A quarentena, com suas limitações impostas, tem gerado um subgênero televisivo: a programação realizada dentro das casas dos artistas. O desafio para quem se aventura nestes novos programas é o de gerar formatos interessantes que sejam feitos com equipe menor, demandando menos estrutura técnica. É um obstáculo e tanto, pois exige uma criatividade que consiga se provar frente à escassez de recursos.
Neste novo subgênero, várias atrações televisivas têm sido geradas ou reformuladas: o Conversa com Bial passou a ser feito via teleconferência; Sinta-se em casa, de Marcelo Adnet, traz pequenas pílulas de humor sobre o noticiário político. Mas este texto é sobre uma comédia do cotidiano que tira sarro justamente do que a quarentena tem de mais sem graça, o interminável fazer nada. Falo aqui de Diário de um confinado, seriado protagonizado por Bruno Mazzeo, realizado em parceria com sua mulher, Joana Jabace, na direção, e gravado no apartamento onde o casal vive com os filhos.
Disponibilizado no serviço de streaming da Globoplay, Diário de um confinado tem também exibições no Multishow e na Globo. A série apresenta, em episódios curtos de dez minutos, a rotina de um homem de classe média chamado Murilo, que se vê preso em seu apartamento (que dá a impressão de ser um loft) durante os longos meses quarentenado.

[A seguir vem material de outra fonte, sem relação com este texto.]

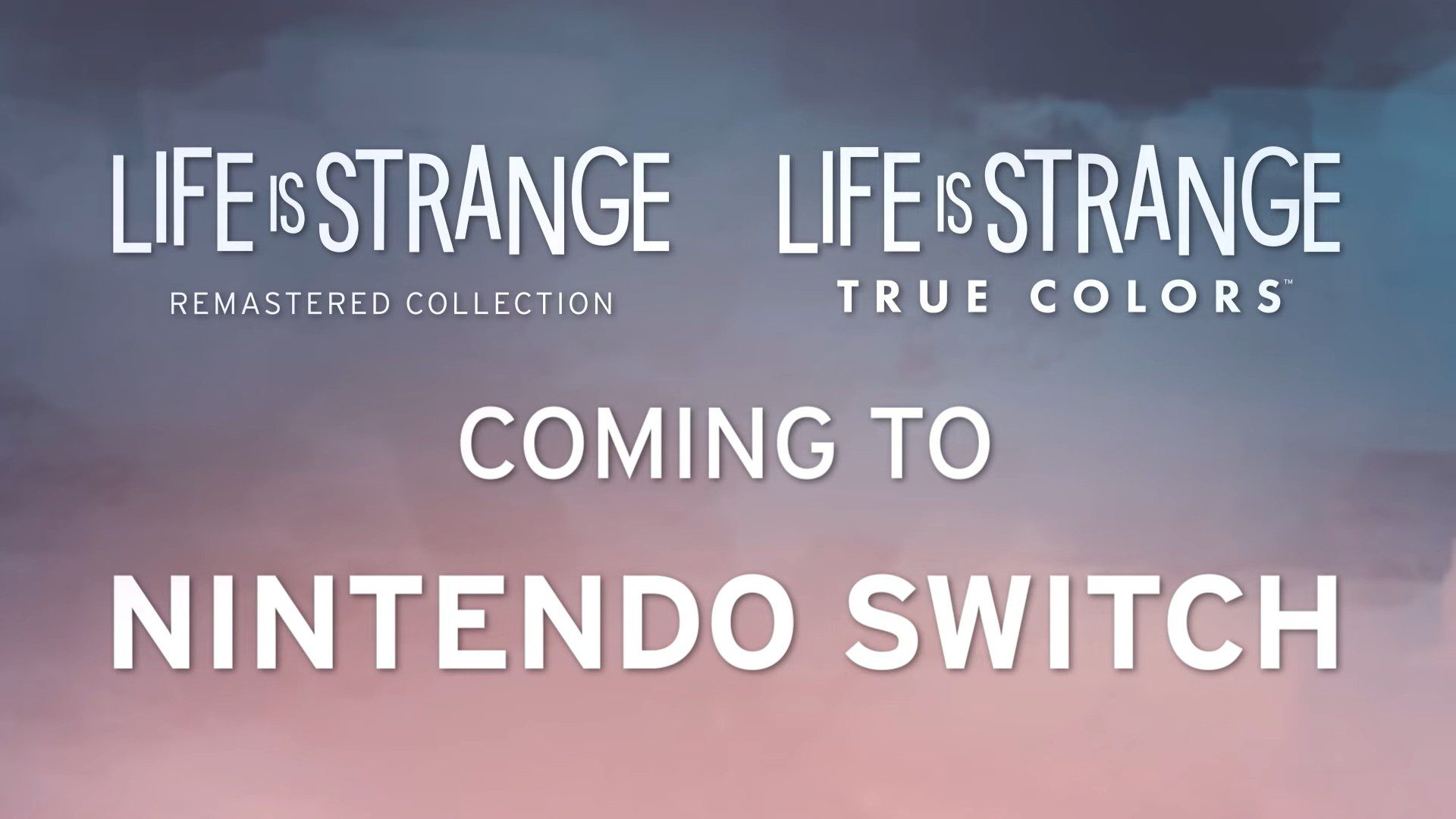 life is strange remastered collection i life is strange true colors na nintendo switch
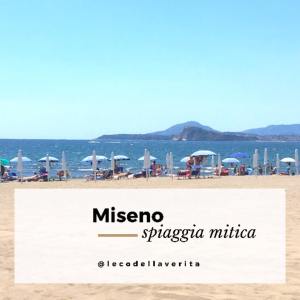 Vacanze mitiche sulla spiaggia di Miseno
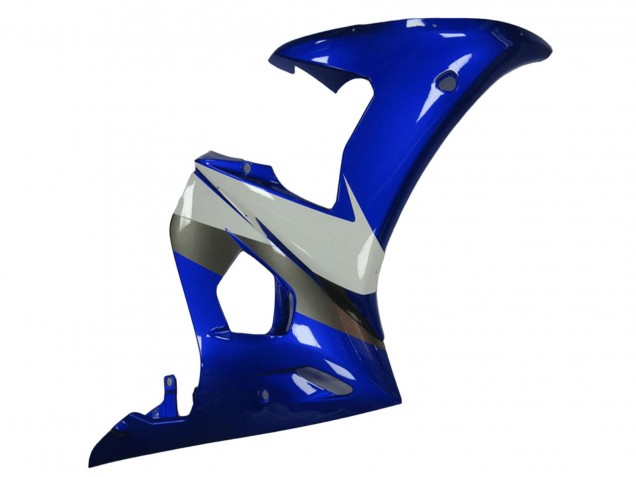 Carénage Moto Yamaha YZF R6 2003-2004 - Bleu Blanc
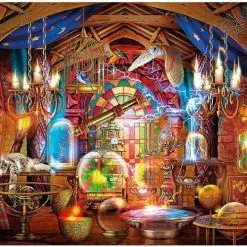 Παζλ 1500 Clementoni High Quality Ollection Εργαστήρι Του Μάγου (1220-31813) -Παζλ - Puzzle Κατάστημα 210340 1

Na casa dos 40 anos, Murilo é claramente um homem mimado: não sabe fazer nada em casa e é superprotegido pela mãe (Renata Sorrah), extremamente neurótica com a proteção do rebento, e pela tia (Arlete Salles), que o chama de Murilinho. Assim, “Murilinho” interage apenas com elas, com a psicóloga (numa participação bastante engraçada de Fernanda Torres), com alguns amigos e com a vizinha mal-humorada (Débora Bloch, que mora no mesmo prédio que Mazzeo e Joana Jabace, o que facilitou sua participação). A série ainda tem participações luxuosas de Lúcio Mauro Filho, Lázaro Ramos e Matheus Natchergaele.

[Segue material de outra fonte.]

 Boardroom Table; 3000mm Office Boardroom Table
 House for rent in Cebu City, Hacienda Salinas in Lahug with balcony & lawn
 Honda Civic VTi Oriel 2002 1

Muito bem produzida em sua proposta, Diário de um confinado tem um certo tom de white people problems, mas mesmo assim, consegue arrancar risadas com algumas boas sacadas e ótimas performances. Numa das tiradas mais hilárias, Murilo diz que sua mãe é uma fonte extremamente confiável, pois sempre repassa fake news. Noutro episódio memorável, Murilo se aventura, via teleconferência, num encontro amoroso aparvalhado com a atriz Luciana Paes, um dos grandes nomes do humor atual.
Muito bem produzida em sua proposta, Diário de um confinado tem um certo tom de white people problems, mas mesmo assim, consegue arrancar risadas com algumas boas sacadas e ótimas performances.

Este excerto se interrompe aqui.